Un omaggio al cinema
Sugar però non si ferma all'omaggio al noir e all'hard boiled, che già avrebbe funzionato in questi tempi nostalgici grazie alla scrittura asciutta di Mark Protosevich (una penna che già aveva curato il remake americano di Oldboy, il primo Thor shakespeariano, Poseidon e Io Sono Leggenda) e alla regia raffinata di Fernando Meirelles. Non si tratta quindi solo di ispirazioni visive e letterarie da Dashiell Hammett, Raymond Chandler e Joe R. Lansdale e così via, con Sugar che strizza più volte l'occhio a Sam Spade, Philip Marlowe, Hap e Leonard e compagnia. Il protagonista è anche un grande appassionato del cinema, soprattutto quello in bianco e nero della Golden Age, e ama rivedere le pellicole durante le serate solitarie nel proprio appartamento. Non è quindi l'investigatore malandato e fuori fuoco che spesso caratterizza questo tipo di storie, ma anzi un professionista sempre impeccabile "senza macchia e senza paura sul proprio cavallo bianco" (che ovviamente è un'auto d'epoca). La serie è ambientata ai giorni nostri, ma è come se fosse senza tempo, caratterizzata da un'atmosfera rarefatta, grazie anche all'uso non esagerato del bianco e nero da intervallare ai momenti a colori della vita di Sugar con un montaggio ricercato.
The Ted Lasso Way
John Sugar sembra seguire la Ted Lasso Way della serie collega di palinsesto in piattaforma. Questo perché il protagonista è proprio uno "zucchero" come da titolo - e non come appellativo sessista rivolto alle donne, segretarie o sottoposte che fossero. Si tratta di un uomo buono, nonostante i casi che ha dovuto seguire e affrontare, e le brutture dell'umanità che è stato costretto a vedere, per soldi, potere e sesso - le tre motivazioni principali dietro un rapimento o un omicidio. Un uomo che preferisce non cercare la violenza e non ama l'uso di armi, ma quando serve picchia duro, tuttavia sempre con circospezione ed eleganza. Un uomo che sceglie di aiutare un senzatetto usando il pretesto di chiedergli un favore lavorativo, oppure che non si approfitta di una donna e possibile sospettata portandosela a letto da ubriaca solo in nome del caso. Si vede come Farrell si sia speso in prima persona per questo ruolo, dall'inizio alla fine. Peccato solo sia l'ennesima serie limitata proposta da Apple TV+ anche se, come dimostra il "caso" L'ultima cosa che mi ha detto con Jennifer Garner, non è mai detta l'ultima parola. O l'ultimo episodio.
Conclusioni
Chiudiamo la recensione di Sugar felici di ritrovare Colin Farrell, circondato da un cast di tutto rispetto, in un ruolo a lui congeniale.

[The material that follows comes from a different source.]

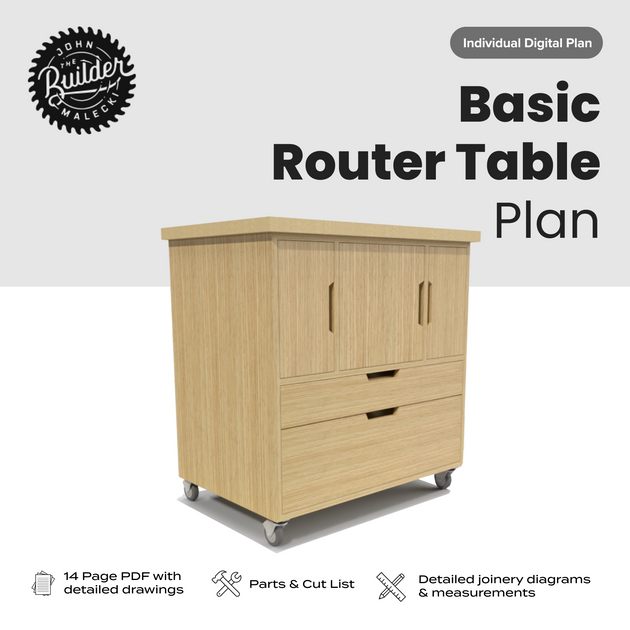 Woodworking Router Table Plan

Non è un John Wick che fa sempre e solo a botte con eleganza, bensì un Sam Spade che preferisce utilizzare altri metodi per arrivare alla verità, ma non si tira indietro quando si tratta di picchiare duro. Scrittura e regia vanno a braccetto per una messa in scena elegante e raffinata, intervallata al montaggio da stralci di film d’epoca che non solo sono una grande passione del protagonista ma danno anche una misura e una dimensione nostalgica alla storia raccontata. Imperdibile per gli appassionati del genere hard-boiled e noir.
Perché ci piace
- Colin Farrell, anche produttore.
- Il suo John Sugar, elegante e generoso.
- Il cast prezioso.
- L’omaggio al genere noir ma anche alla storia del cinema.
- Non abusa del bianco e nero.
Cosa non va
- Sconsigliata solo se non vi piace il genere.